I wrote the below code:
g_fun <- function(x) {x - a^b/x^b}
inverse = function (f, lower = 0, upper = 2000) {
function (y) uniroot((function (x) f(x) - y), lower = lower, upper = upper)[1]
}
f_func = inverse(function(x) g_fun(x))
enter code here
# let's made up an example
# g(x) values are known
g <- c(-0.016339, 0.029646, -0.0255258, 0.003352, -0.053258, -0.018971, 0.005172,
0.067114, 0.026415, 0.051062)
# Calculate f(x) by using the inverse of g(x), when a=a0 and b=b0
for (i in 1:10) {
f[i] <- f_fun(g[i])
}
I have two question:
How to pass parameters a and b to the functions?
How to perform this optimization task, meaning find a and b such that f(x) would approximate normal distribution.

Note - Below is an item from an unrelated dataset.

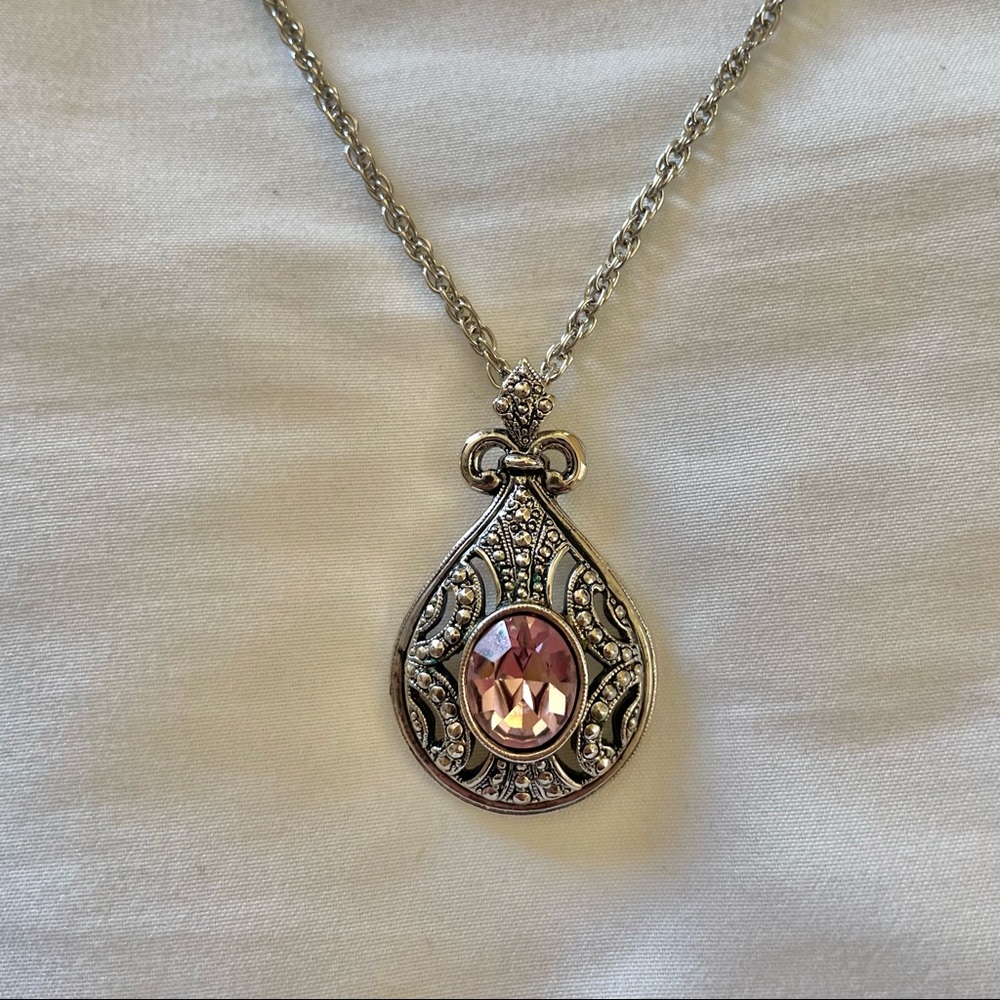 NECKLACE - silver and lavender gemstone charm necklace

Not sure how you were able to produce the Q-Q plot since your provided examples do not work. You are not specifying the values of a and b and you are defining f_func but calling f_fun. Anyway here is my answer to your questions:
How to pass parameters a and b to the functions? - Just pass them as
arguments to the functions.
How to perform this optimization task, meaning find a and b such that f(x) would approximate normal distribution? - The same way any optimization task is done. Define a cost function, then minimize it.
Here is the revised code: I have added a and b as parameters, removed the inverse function and incorporated it inside f_func, which can now take vector input so no need for a for loop.
g_fun <- function(x,a,b) {x - a^b/x^b}
f_func = function(y,a,b,lower = 0, upper = 2000){
sapply(y,function(z) { uniroot(function(x) g_fun(x,a,b) - z, lower = lower, upper = upper)$root})
}
# g(x) values are known
g <- c(-0.016339, 0.029646, -0.0255258, 0.003352, -0.053258, -0.018971, 0.005172,
0.067114, 0.026415, 0.051062)
f <- f_func(g,1,1) # using a = 1 and b = 1
#[1] 0.9918427 1.0149329 0.9873386 1.0016774 0.9737270 0.9905320 1.0025893
#[8] 1.0341199 1.0132947 1.0258569
f_func(g,2,10)
[1] 1.876408 1.880554 1.875578 1.878138 1.873094 1.876170 1.878304 1.884049
[9] 1.880256 1.882544
Now for the optimization part, it depends on what you mean by f(x) would approximate normal distribution. You can compare mean square error from the qq-line if you want. Also since you say approximate, how close is good enough? You can go with shapiro.test and keep searching till you find p-value below 0.05 (be ware that there may not be a solution)
shapiro.test(f_func(g,1,2))$p
[1] 0.9484821
cost <- function(x,y) shapiro.test(f_func(g,x,y))$p
Now that we have a cost function how do we go about minimizing it. There are many many different ways to do numerical optimization. Take a look at optim function http://stat.ethz.ch/R-manual/R-patched/library/stats/html/optim.html.
optim(c(1,1),cost)
This final line does not work, but without proper data and context this is as far as I can go. Hope this helps.